A new book — Challenging Inequities in Health: from ethics to action — draws together all of the GHEI studies into a 21 chapter resource on health equity. This volume provides new perspectives on the concept of health equity, empirical evidence on the scale and nature of health inequities in 13 countries and assessments of relevant policy developments and their implications.
A growing sense that health disparities are widening in many countries sparked the development of the book Challenging Inequities in Health: From Ethics to Action (Ed. Evans, Whitehead, Diderichsen, Bhuiya and Wirth, Oxford University Press 2001). This newly published volume presents 21 chapters worth of cutting edge research and policy analysis to a wide non specialist readership of students, profession-als and decision-makers. It brings together in one volume new perspectives on the conceptual foundations of health equity, empirical evidence on the scale and nature of the inequities in health in twelve countries around the world, and assessments of the associated policy developments and their implications for the future. Above all, the volume takes the position that health equity is a matter of social justice.
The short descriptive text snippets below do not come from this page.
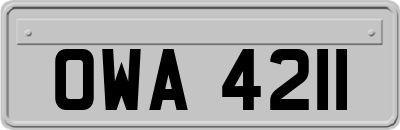 OWA4211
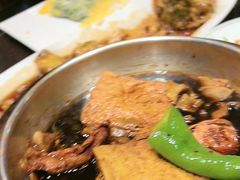 -老牌坊鲁菜名店(聊城美食岛店)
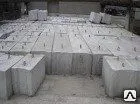 фото Фундаментый блок ФБС-12-4-6т от производителя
The authors aim to help build global capacity to measure, monitor and interpret developments in health equity at a national and international level. The in depth country analyses draw on epidemiology, demography, economics and other fields to approach health inequalities from several different angles. The topics covered range from adolescent livelihoods in Tanzania to the health burden of indigenous peoples in Mexico, from health equity in Japan to the gender gap in life expectancy in Russia. The book is a unique demonstration of global cooperation in bringing together and giving equal weight to work on health equity carried out in the southern and northern hemispheres.